Description of Embodiments

Hereinafter, a coolant passage apparatus in accordance with the present invention will be described with reference to the preferred embodiments shown in the drawings. FIGS. 1 through 4 show a first preferred embodiment. In addition, this preferred embodiment will be described with reference to an example in which the apparatus is mounted to a V-engine and the coolant from right and left engine heads is collected in the above-mentioned coolant passage apparatus 10.

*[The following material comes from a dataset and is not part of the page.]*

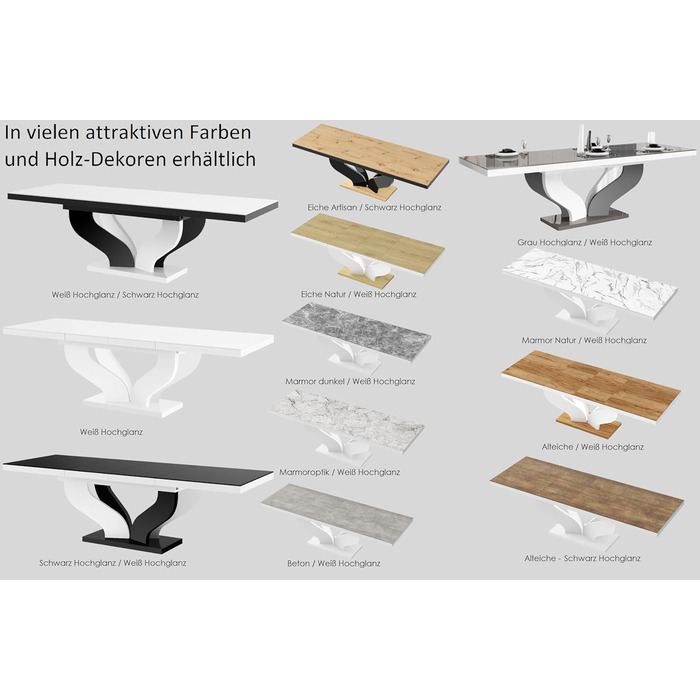 Дизайнерський обідній стіл HEB-222, чорний глянцевий / білий глянцевий, розсувний від 160 см до 256 см, обідній стіл до 10 осіб, глянцевий, функціональний стіл, сучасний, універсальний, розсувний, позачасовий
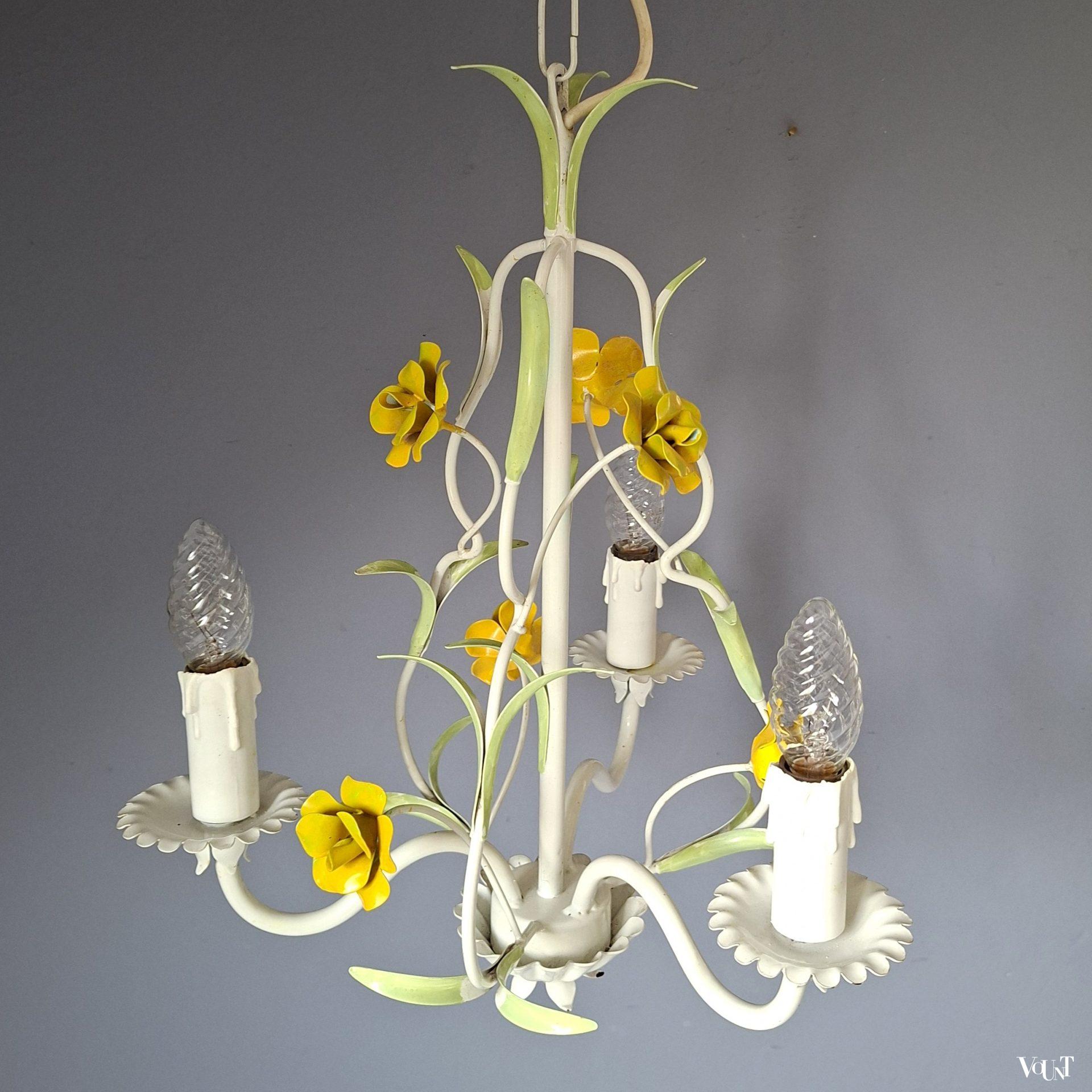 Franse metalen hanglamp bloemen, jaren '70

FIG. 1 is a perspective view showing a first body 21 and second body 22 respectively which are formed from a synthetic resin and constitute the above-mentioned coolant passage apparatus 10. The above-mentioned first body 21 and second body 22 are provided with peripheral junction portions 21a and 22a which are open and face each other. Annular welded portions (shown by same reference characters as junction portions 21a and 22a) each planarly formed are formed along these junction portions 21a and 22a.
The above-mentioned first body 21 and second body 22 are preferably welded in a situation where the junction portions 21a and 22a are overlapped so as to be formed into one casing. The above-mentioned junction portions 21a and 22a can be joined together preferably by way of vibration welding, or other means such as threaded engagement using a bolt and adhesives.
FIGS. 2 to 4 are plan view, front view and rear view showing the coolant passage apparatus 10 joined and molded integrally by the above-mentioned vibration welding or adhesives. Hereinafter, whole configuration of the coolant passage apparatus 10 is explained with reference to figures in which same reference characters identify the same parts.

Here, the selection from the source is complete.